The Viacom office in Hollywood, California.
Lucy Nicholson | Reuters
Chinese stocks listed in the U.S. fell sharply last week, after several weeks in correction mode.
A trader who participated in some of the wild trading in Chinese internet stocks on Friday confirmed that the primary cause of the selling in Chinese stocks was that a fund, Archegos Capital Management, was forced out of its positions.
Here is the sequence of events, according to the trader, who asked to remain anonymous:
1. The catalyst was ViacomCBS, which did a $3 billion stock offering through Morgan Stanley and J.P. Morgan earlier in the week that fell apart. It resulted in massive selling. This fund was long a lot of Viacom using a lot of leverage.
2. The dramatic drop in Viacom’s price resulted in margin calls. Archegos was also long many China internet names that traded in the U.S.
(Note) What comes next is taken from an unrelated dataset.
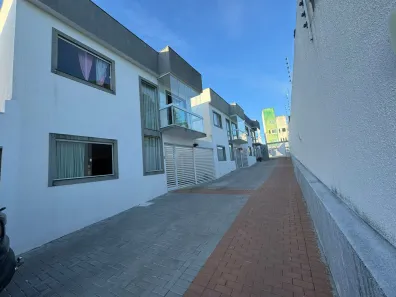 Casa de Condomínio com 3 Quartos à venda, 180m² no Buraquinho, Lauro de Freitas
3. Goldman Sachs, Morgan Stanley, Credit Suisse, and Deutsche Bank all forced Archegos to liquidate many of the China internet names through unregistered trades, according to the trader. Late in the day Friday, Goldman took many of the names held by Archegos onto their balance sheet then liquidated by distributing to clients.
4. Much of this trading was difficult to see because many of the big trades were done over the counter and not printed.
5. Reports earlier in the week that the Securities and Exchange Commission was beginning steps to enforce potential sanctions against U.S.-listed Chinese stocks that did not cooperate with U.S. regulatory authorities was a factor in the Chinese internets tanking mid week — but the primary source of the chaos on Friday was the forced liquidation of a good part of Archegos, said the trader.